И это было еще не ОНО, а только преддверие Его, ибо было на вид ему лет 7-8, и носилось Оно возле пруда, где плескалась летом вся деревенская детвора. Оно измазало белые трусы о глинистое дно пруда и боялось идти домой – бабушка очень сердилась всегда, стирая и штопая одежду. В общем и целом, это была маленькая угловатая, довольно симпатичная темненькая девочка с карими, похожими на арахис в шоколаде, глазами.

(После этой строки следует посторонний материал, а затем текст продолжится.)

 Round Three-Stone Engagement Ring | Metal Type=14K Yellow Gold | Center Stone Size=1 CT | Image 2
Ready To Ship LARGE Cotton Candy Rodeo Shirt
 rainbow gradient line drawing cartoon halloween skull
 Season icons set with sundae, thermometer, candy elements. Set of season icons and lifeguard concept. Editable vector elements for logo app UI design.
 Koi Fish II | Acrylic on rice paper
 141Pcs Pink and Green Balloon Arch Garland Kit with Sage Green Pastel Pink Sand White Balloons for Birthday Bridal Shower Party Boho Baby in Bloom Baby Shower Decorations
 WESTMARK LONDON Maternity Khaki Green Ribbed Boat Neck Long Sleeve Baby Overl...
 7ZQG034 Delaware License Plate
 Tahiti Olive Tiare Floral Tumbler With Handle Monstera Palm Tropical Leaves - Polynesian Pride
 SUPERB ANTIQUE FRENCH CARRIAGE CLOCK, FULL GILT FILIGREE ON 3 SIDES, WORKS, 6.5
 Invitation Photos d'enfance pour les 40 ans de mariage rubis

Этим глазам и доставалось всегда в общественной бане, куда они ходили каждую субботу с бабушкой.
«Не иначе как цыгане тебя принесли, такие черные надо только с мылом отмывать,» – талдычили деревенские кумушки, моющиеся по соседству.
«Отмывай лучше, три чище!» – добавляли они.

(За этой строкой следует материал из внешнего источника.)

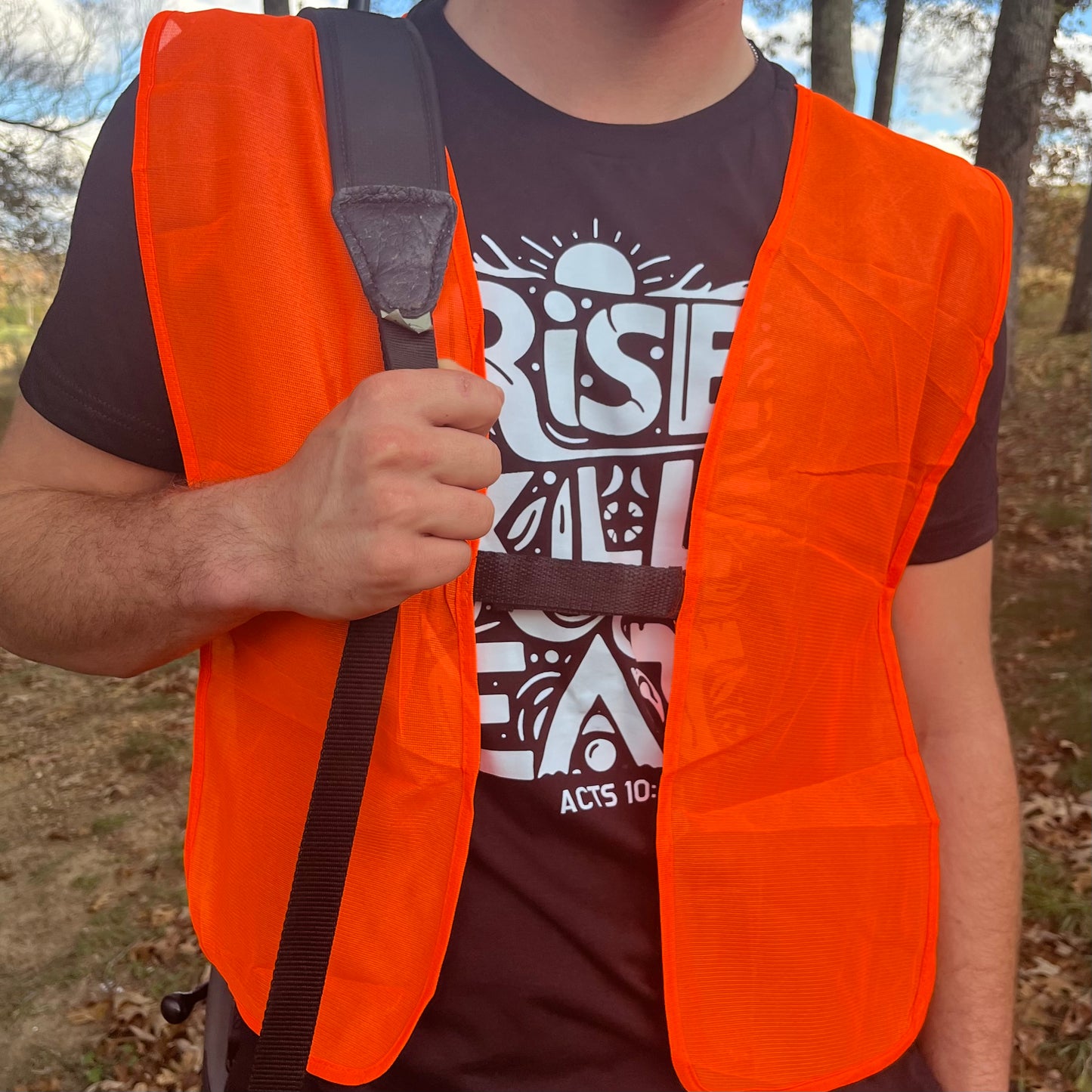 Blaze Orange Safety Vest for hunting with Christian message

«Бабушка, ну чего они?!» – обиженно выводило ОНО.
«Не слушай их, все меняется: и цвет, и возраст, и люди,» – отвечала мудрая женщина.

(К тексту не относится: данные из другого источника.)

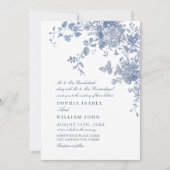 Victoriaans Dusty Blue Franse Tuin Bloemen Huwelij Kaart (Voorkant)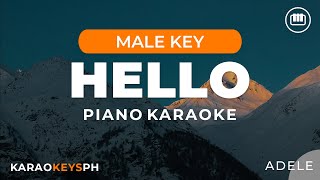 Hello  Adele Male Key  Piano Karaoke [upl. by Asirrak]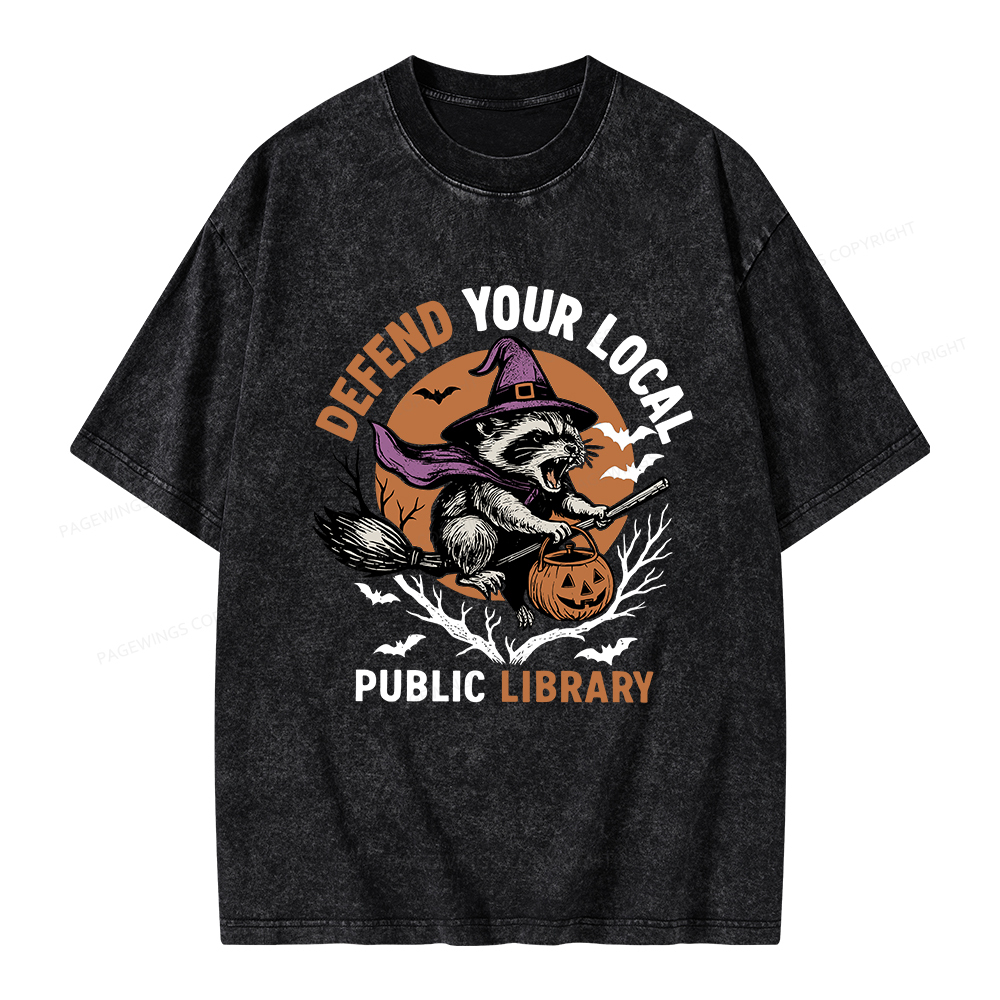 Pagewings Defend Your Local Public Library Unisex Washed T-shirt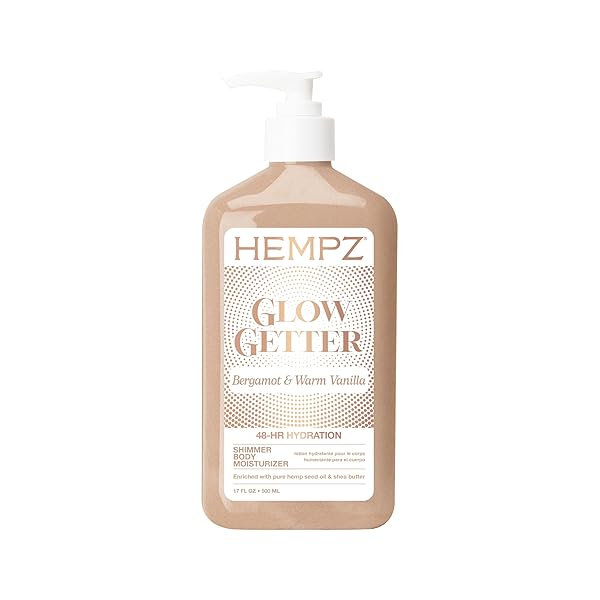 Hempz Glow Getter Body Lotion, Hydrating Moisturizer with Shimmer, 17 oz.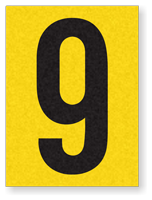 Engineer Grade Vinyl Numbers 1.5" Character Black on yellow 9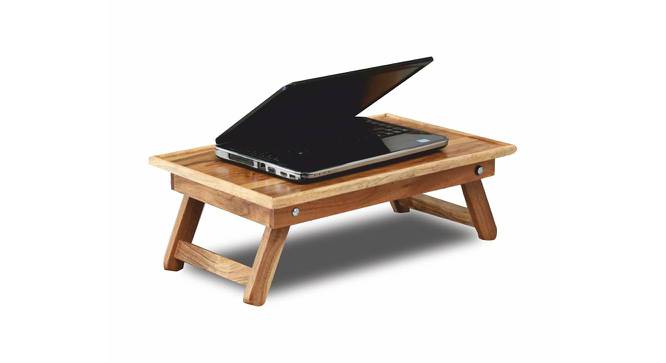 Cabello Free Standing Solid Wood Laptop Table in Natural Finish (Natural) by Urban Ladder - Front View Design 1 -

Желька (так звали девочку) еще раз посмотрела на далекие от берега желтые кувшинки и пошлепала домой получать нагоняй за испорченные трусы и неявку к обеду.
«Где только носило тебя целый день, не обедала, я уже и прут сломала, чтобы на поиски идти,» – ругалась бабушка.
«Ела у Таньки в обед и купалась на пруду с ней вместе!» – отвечала девчонка. Хотя сама бегала в соседнюю деревню Савёлово и заигралась там с одноклассницей Ленкой. Бабушка убила бы ее, наверное, если бы узнала, что она находилась за несколько километров от дома. Там тоже был такой же пруд, манящий летом к себе всю детвору. Чаще всего они плескались в пруду вместе с мальчишками. Пацаны и звали ее с собой то в парк при больнице, то к клубу играть. В заросшем парке они выбирали стройные деревца ольхи или рябины, забирались к верхушке и спускались на ней вниз плавно, как с парашютом. Ничего, что иногда деревце ломалось, и Желька падала вниз в кусты, набивая себе синяки и шишки. Зато дух захватывало! Смелость города берет!
Строили шалаши, из которых молча наблюдали в воображаемый бинокль за врагом и по взмаху командира пускались громить врагов – заросли крапивы и чертополоха, вырезали из веток ружья и рогатки, устраивали битвы между «красными» и «белыми». В то далекое время Красная Армия еще была популярна. Вечерами детвора подтягивалась к клубу, где дотемна можно было гонять в казаки -разбойники, лапту и прятки. Летом много игр и развлечений к счастью и радости детской.
В первом классе Жельке купили велосипед «Орленок», синий, блестящий, при одном взгляде на который у девочки захватывало дух.
«Учись ездить!» – сказала бабушка, помогая ей забраться на велик и тихонько подталкивая его за сиденье сзади. Беда коленкам, которые к вечеру превращались в живописную картину из ссадин и ран, замазанных зеленкой и йодом и покрытых темной корочкой из засохшей крови.